Dataset records:
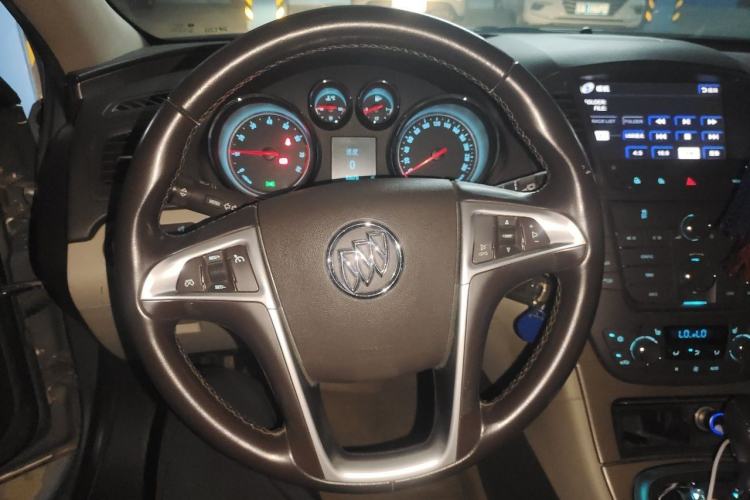Used Buick Regal 2010 2.0L Expo Edition Steering Wheel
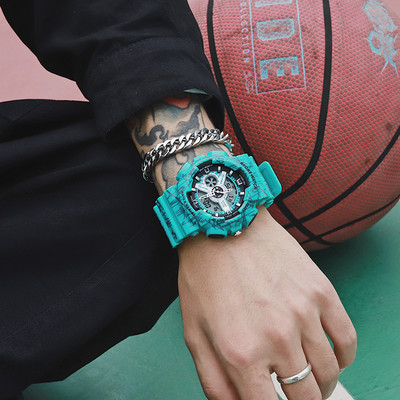 Pánske elektronické hodinky so silikónovým remienkom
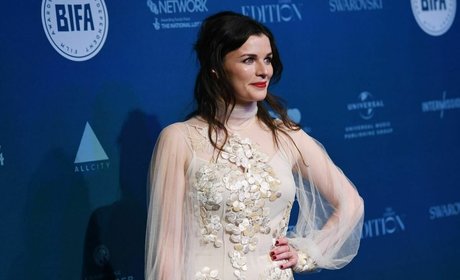 Foto di nudo di fuga di OnlyFans di Aisling Bea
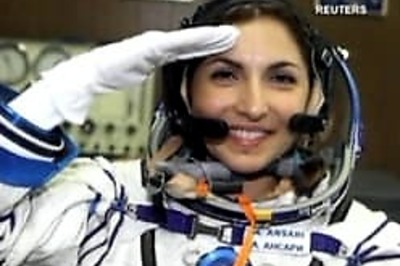 First female space tourist blasts off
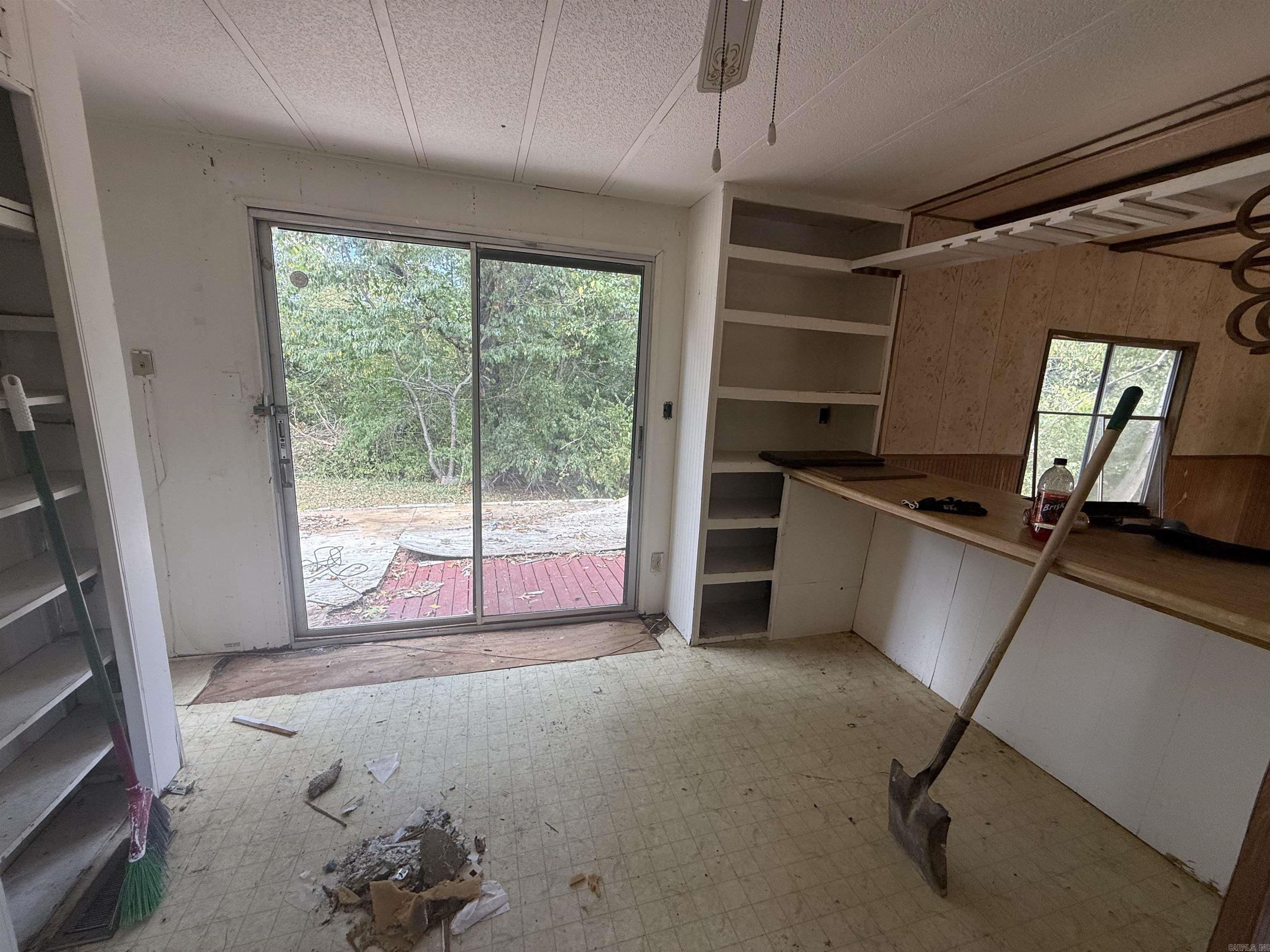 115 Country Life  Midway, AR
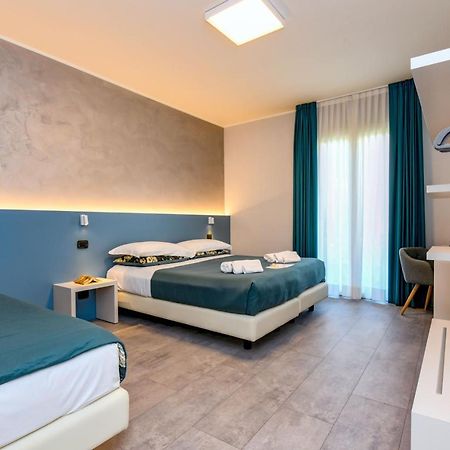Garda Diamant Bed & Breakfast Desenzano del Garda Ngoại thất bức ảnh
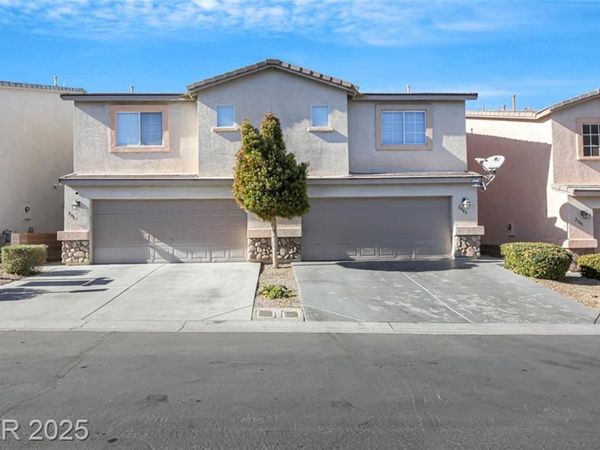 2097 Audrey Hepburn Street , Las Vegas, NV 89142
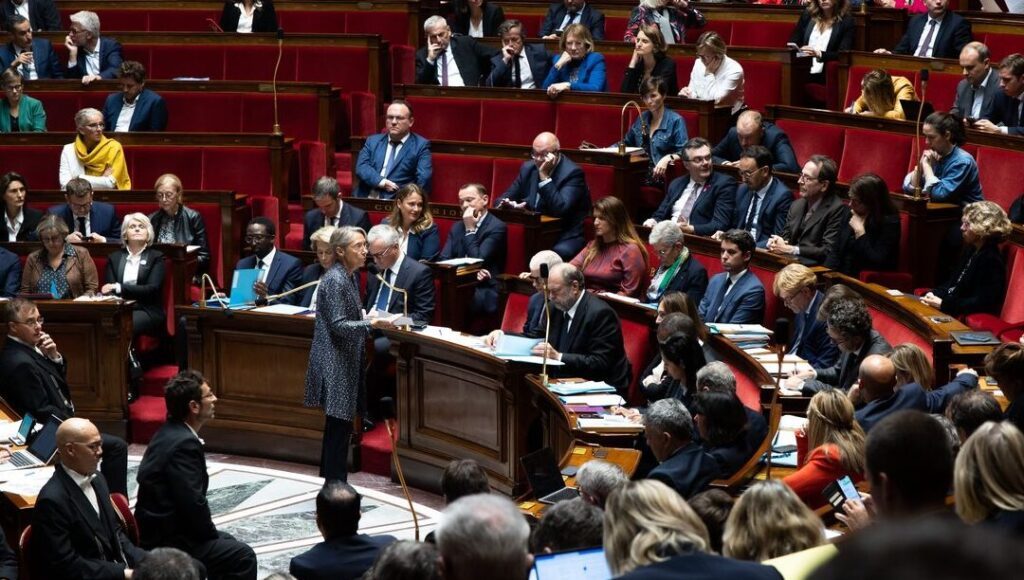 Qu&rsquo;est-ce que l&rsquo;article 49.3 de la Constitution française et pourquoi fait-il débat ?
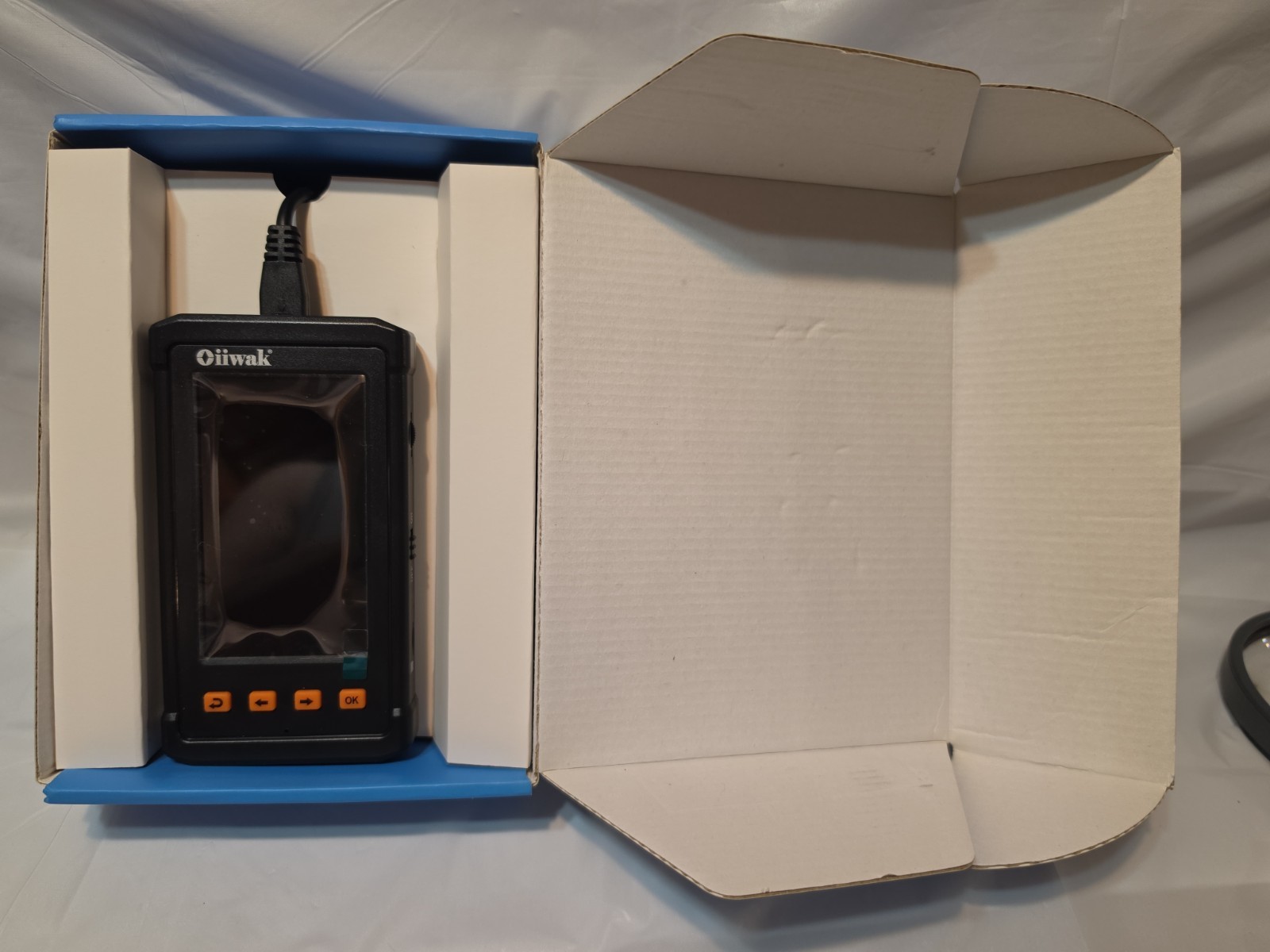 Oiiwak 360° Rotation Endoscope 15m Borescope Inspection Camera 6x Digital Zoom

Task brief: Leave out the pictures, then give all the records again exactly.

Output:
Used Buick Regal 2010 2.0L Expo Edition Steering Wheel
 Pánske elektronické hodinky so silikónovým remienkom
 Foto di nudo di fuga di OnlyFans di Aisling Bea
 First female space tourist blasts off
 115 Country Life  Midway, AR
Garda Diamant Bed & Breakfast Desenzano del Garda Ngoại thất bức ảnh
 2097 Audrey Hepburn Street , Las Vegas, NV 89142
 Qu&rsquo;est-ce que l&rsquo;article 49.3 de la Constitution française et pourquoi fait-il débat ?
 Oiiwak 360° Rotation Endoscope 15m Borescope Inspection Camera 6x Digital Zoom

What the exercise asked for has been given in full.